§ **Try it**
In the listing below, find the line with "Hip hop style" and the line with "Beige Sofa by Window, Modern Interior photo". Repeat those two lines and all lines between them exactly.

§ **Data extracts**
———

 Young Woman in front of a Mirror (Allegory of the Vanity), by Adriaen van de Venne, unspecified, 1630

———

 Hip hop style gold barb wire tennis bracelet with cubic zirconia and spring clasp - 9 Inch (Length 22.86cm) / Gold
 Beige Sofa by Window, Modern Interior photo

———

§ **Answer for this exercise**
 Hip hop style gold barb wire tennis bracelet with cubic zirconia and spring clasp - 9 Inch (Length 22.86cm) / Gold
 Beige Sofa by Window, Modern Interior photo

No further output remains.